窗外阳光大好,透过微微浮动的纱帘照进来,南风头发乱糟糟坐在床上,缓了好一会。
前半夜因为太激动半梦半醒,睡一会看看裴西洲,看一会再继续睡,后半夜才睡着。
身边那床被子已经整整齐齐迭好,南风有些茫然,刚好门把手转动的声音传来,她瞇着眼睛看过去:“你去哪儿啦?”
裴西洲穿着白t恤,军绿工装短裤,长腿赏心悦目,手裏纸袋散发着食物香气,被放到桌子上。
“起床吃饭。”
南风不倒翁似的一歪倒在床上:“困。”薄被盖过脑袋,窝成一团。
裴西洲走到她身边,俊脸清冷如常,只是柔声问她:“想去看梵凈山,还是去苗寨。”
在家乡,带自己喜欢的女孩子出去玩,他心裏有从未有过的、难以名状的忐忑。好像家裏第一次来了客人,想把最好的都给她,却又怕她不喜欢。
南风瞬间打起精神,被子掀起露出一张太阳花似的小脸:“只要跟你在一起,去哪裏都好!”
“我喜欢这裏,”南风眼睛弯着,“等我们退休就回来定居好不好?”
完全意料之外的答案。
裴西洲轻轻扬眉,熹微晨光晕染在浅色瞳孔深处,显出原本清隽温柔的样子:“那你不要赖床。”
南风伸了个懒腰,手递给他,撒娇借力起床。却没想,唇红齿白的漂亮警官会错意,无可奈何抿起嘴角,手臂穿过她膝窝,抱她到卫生间。
她笑得眼睛弯弯,手臂搂着他脖颈,呼吸之间都是他颈窝干凈温和的味道,脸往前一凑就亲到他下颌。
裴西洲垂眼看她,南风占了便宜心情大好,笑瞇瞇:“不好意思,一不小心就碰啦,下不为例!”
南风洗脸洗头发,最后拿着卷发棒卷她的小短发。
裴西洲到卫生间洗手,站在南风身侧看着。
南风从镜子裏对上他眼睛:“好奇?”
裴西洲点头,南风:“那你试试看?”
裴西洲接过她的卷发棒,南风给他讲解:“你就这样往裏一卷再往外一卷,就好啦!”
裴西洲和她面对面站,南风只顾着看他脸,完全忘记时间,等裴西洲说“好了”的时候,她转过身,从镜子裏看到一个脑袋三倍大的自己。

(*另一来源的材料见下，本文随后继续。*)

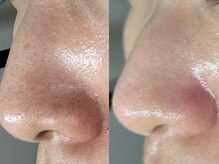 ダリア(Dahlia)/毛穴エクストラクション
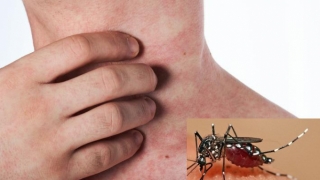 Sốt Chikungunya do muỗi đốt gây ra là bệnh gì? Bệnh này khác gì so với sốt xuất huyết?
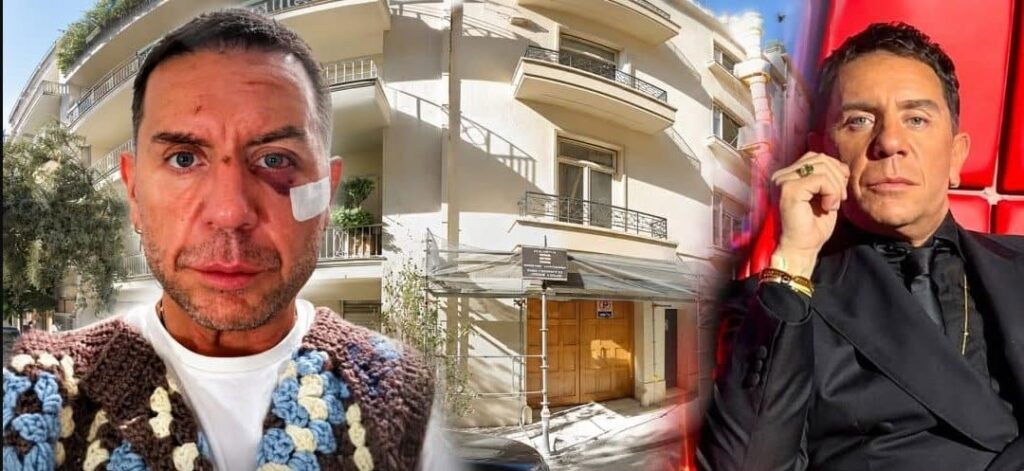 “Σβήνω σώστε με” Τι είναι η θεραπεία πλασμαφαίρεσης που πήγε να κάνει στο Κολωνάκι ο Γιώργος Μαζωνάκης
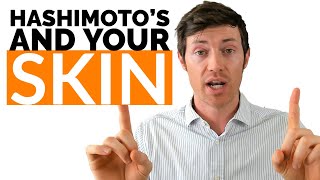 15 Skin Conditions CAUSED by Hashimoto's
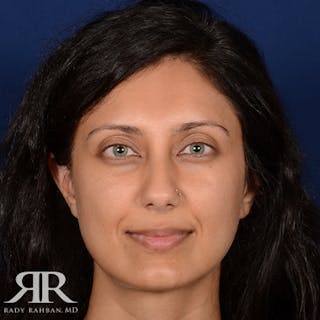 Chin Augmentation Before & After Gallery - Patient 204756 - Image 2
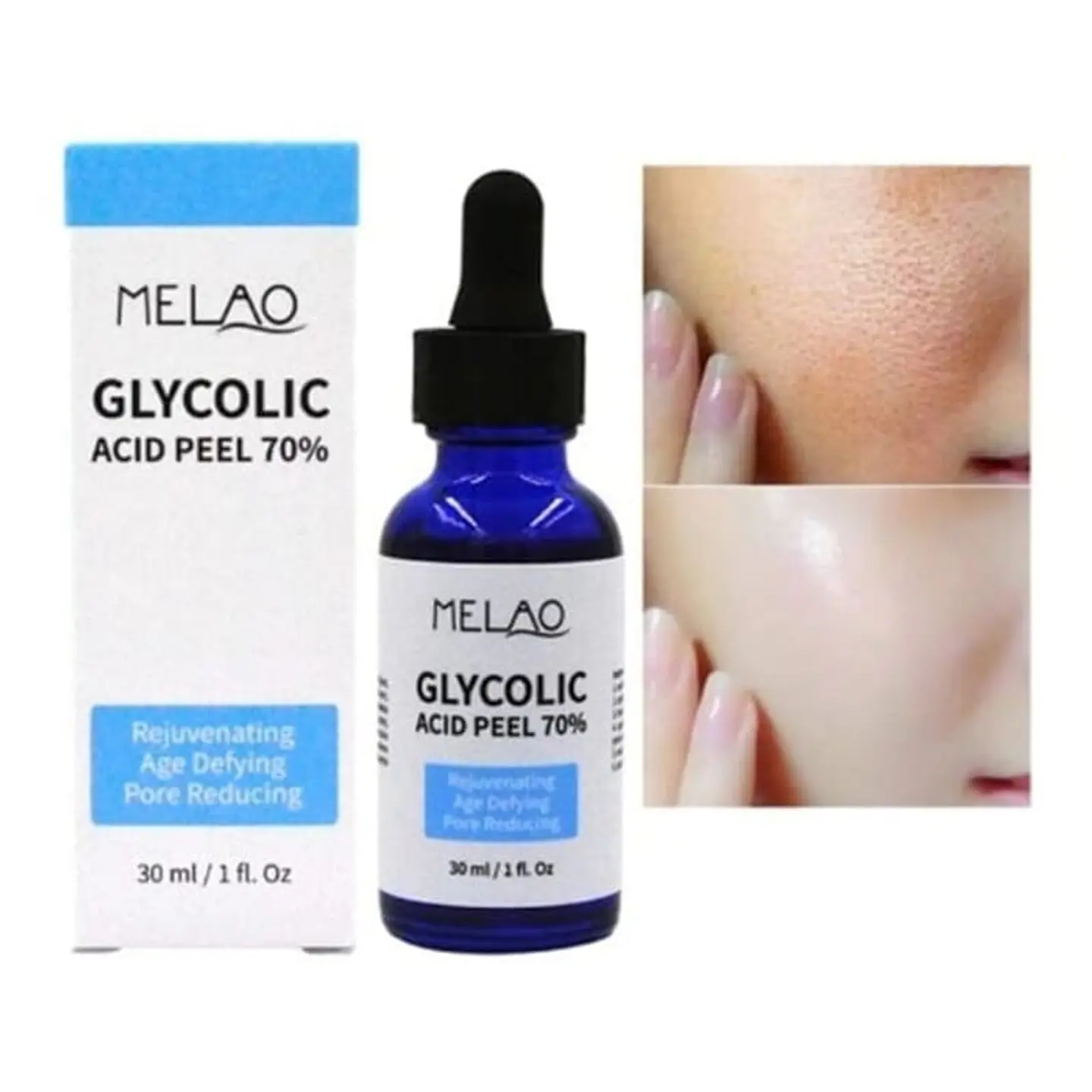 Serum de Ácido Glicólico 4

她顶着一个硕大的鸟窝:“裴西洲,你觉得你女朋友现在好看吗?”
裴西洲微抿了唇,睫毛长长的眼睛亮亮的,还有几分挺含蓄的得意,像是在等她夸奖。他摸摸她脑袋,似乎想给她把炸起来的头发按压回去:“好像还不错。”
南风又气又想笑,手朝着他的痒痒肉挠上去,裴西洲无可奈何躲开,南风皱着脸追上去:“我的小卷卷都没了!都不可爱了!”
警察同志个高腿长一米八八,无论如何不会被她一个一六二的小个子控制住,只是不忍心推开她罢了。